The 4-Es/Oct Si QD and Si QD cluster thin films were cured at 150 °C under an Ar atmosphere. Each sample was introduced into an ultrahigh vacuum chamber and pumped down to the base pressure reaching 5 × 10–10 Torr. The O 1s, C 1s, S 2p, and Si 2p core-level spectra of the samples were recorded at the photon energy of 630 eV with a total resolution of 200 meV at the 8A2 HRPES beam line at the Pohang Accelerator Laboratory (PAL) equipped with an electron analyzer (Scienta 2002). As for the C 1s spectra at the photon energy of 630 eV, the charge-calibration in data analysis is not performed to directly show the different extent of charging for the two thin films. The BEs of Si 2p, O 1s, and S 2p for the photon energy of 630 eV were calibrated by positioning the C 1s peaks at 285.0 eV. Valence-band spectra were recorded at the photon energy of 130 eV. Si 2p core-level spectra were also measured at the photon energy of 130 eV. As for the photon energy of 130 eV, all spectra were calibrated by positioning SiO2 peaks at the corresponding ones for the photon energy of 630 eV. All spectra were obtained in the normal emission mode. The O 1s, C 1s, and Si 2p photoemission spectra were fitted by using a standard nonlinear least-squares fitting procedure with Voigt functions.

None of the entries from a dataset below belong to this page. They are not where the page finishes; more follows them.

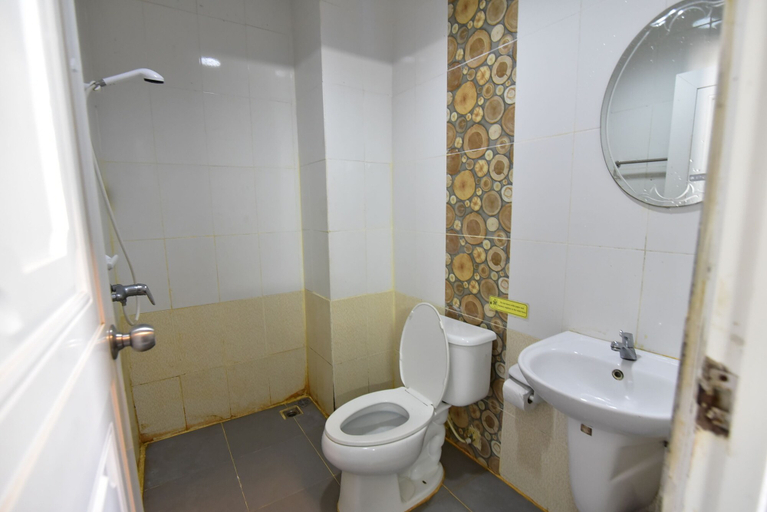 Bathroom 5, Varin Beach Resort, Muang Satun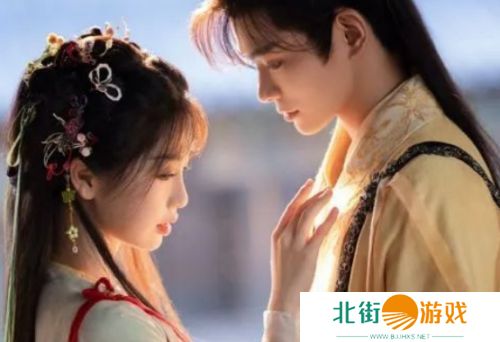 《永夜星河》主角吻戏遭删减引众怒,剧组被迫放出告白拥吻镜头,网热炸锅了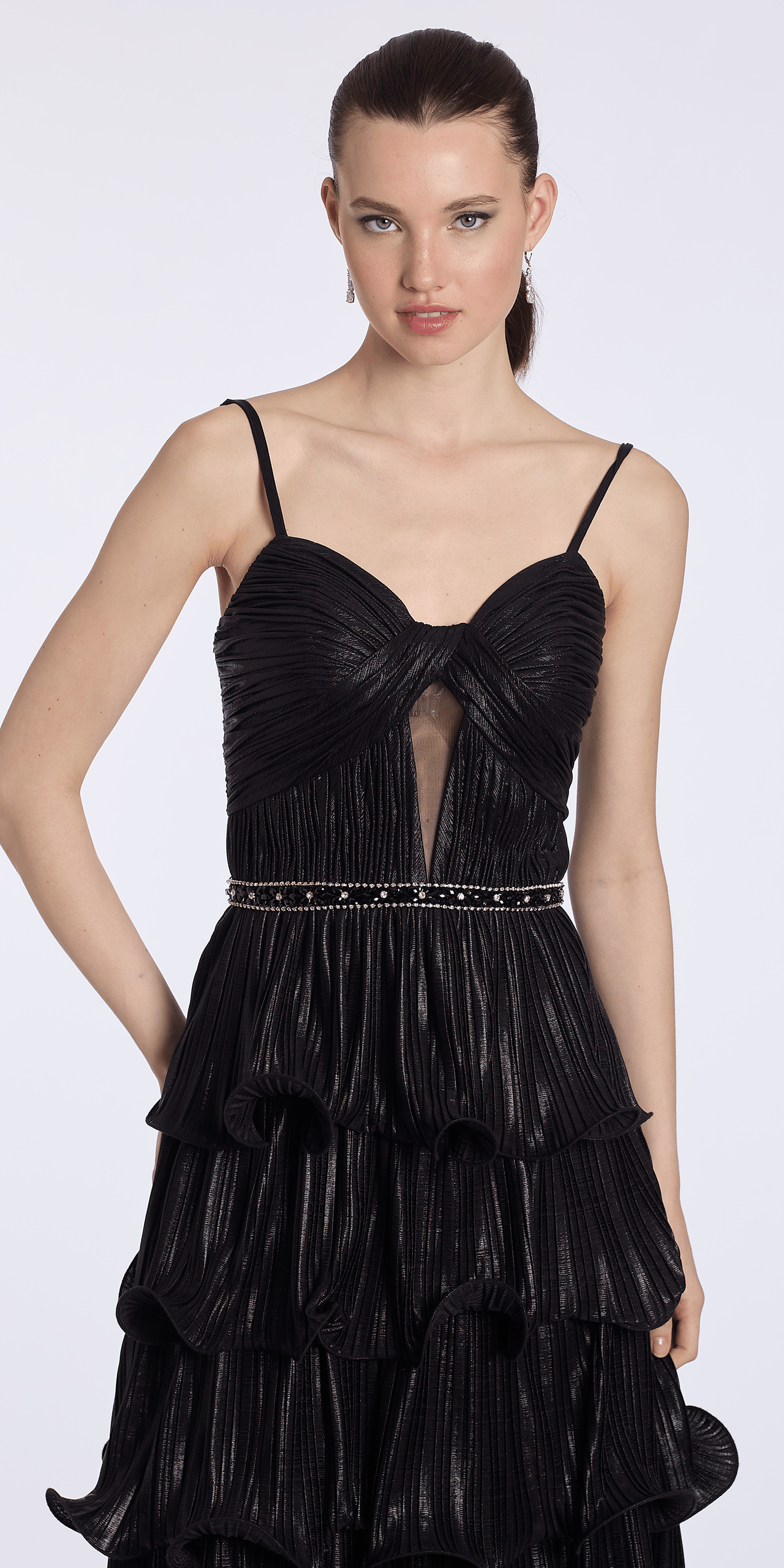 black/size/4/missy/Camille La Vie /Sweetheart Metallic Knit Pleated Tiered A Line Dress with Beaded Waist/closeup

Electrical Property Measurement of Thin Films

MIM device structures of Al electrode–thin film–p++ Si wafer (resistivity <0.005 Ω cm) were fabricated to investigate the temperature dependence of conductance for the 4-Es/Oct Si QD and Si QD cluster thin films, which were cured at 150 °C under an Ar atmosphere. Current–voltage (I–V) characteristics were obtained in a probe station in a nitrogen-filled chamber at different temperatures in the range from 133 to 293 K using an HP4145B semiconductor parameter analyzer. The current passing through the film was measured while the applied voltage was swept from −100 to 100 mV. All measurements were carried out in the dark and under vacuum at a pressure of 10–3 Torr.